Description
These easy veggie quesadillas are a quick, healthy, and delicious meal made with sautéed vegetables and lots of melted cheese, perfect for lunch or dinner.
Ingredients
- 2 tablespoons olive oil
- 1 small red onion, peeled and thinly sliced
- 1 red bell pepper, cored and thinly sliced
- 1 zucchini, halved and thinly sliced
- 8 ounces cremini mushrooms, sliced
- 1 cup corn kernels (fresh, canned or frozen)
- 2 cloves garlic, minced
- 1 teaspoon ground cumin
- 1/2 teaspoon chili powder
- 1/2 teaspoon kosher salt
- 1/4 teaspoon black pepper
- 2 cups shredded cheese (such as Mexican blend or cheddar)
- 4 large flour tortillas
- Optional toppings: sour cream, salsa, guacamole, chopped fresh cilantro
Instructions
- Heat olive oil in a large sauté pan over medium-high heat.
- Add onion and sauté for 2 minutes, stirring occasionally.
- Add bell pepper, zucchini, and mushrooms. Sauté for 5-6 minutes until tender.
- Stir in corn, garlic, cumin, chili powder, salt, and pepper. Cook for 2 more minutes.

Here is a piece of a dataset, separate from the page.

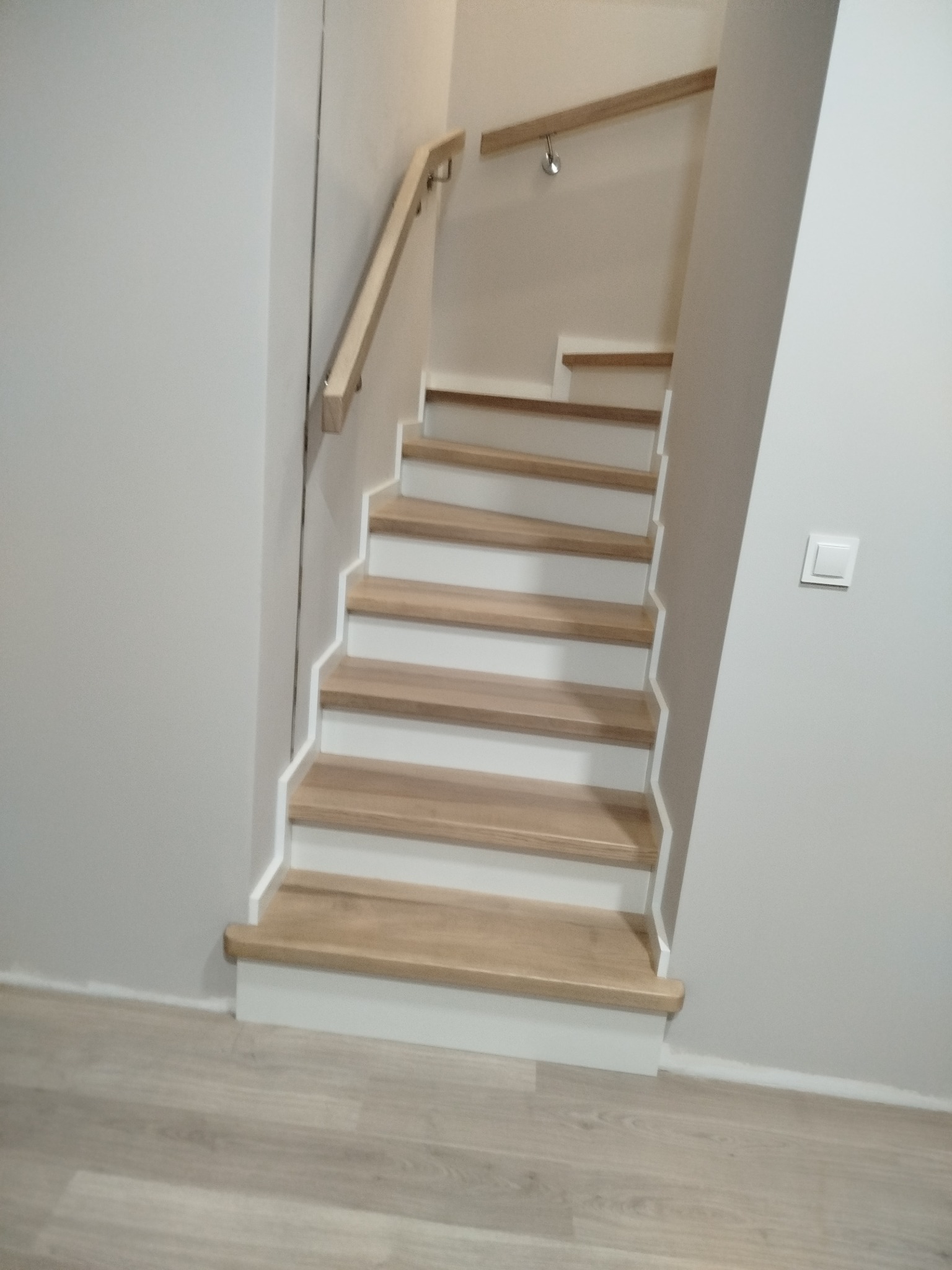 Jasne, drewniane schody z białymi podstopnicami i poręczą, prowadzące w górę. Minimalistyczny design, widok z dołu. Oświetlenie punktowe na ścianie.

Remove from heat.
- Heat a clean skillet or griddle over medium heat.
- Place one tortilla on the skillet and sprinkle evenly with 1/2 cup of shredded cheese and 1/4 of the veggie mixture.
- Top with another tortilla and cook for 1-2 minutes per side, or until golden and cheese is melted.
- Repeat with remaining tortillas and filling.
- Slice and serve warm with desired toppings.
Notes
- You can swap in any other favorite vegetables you have on hand.
- Use gluten-free tortillas to make the dish gluten-free.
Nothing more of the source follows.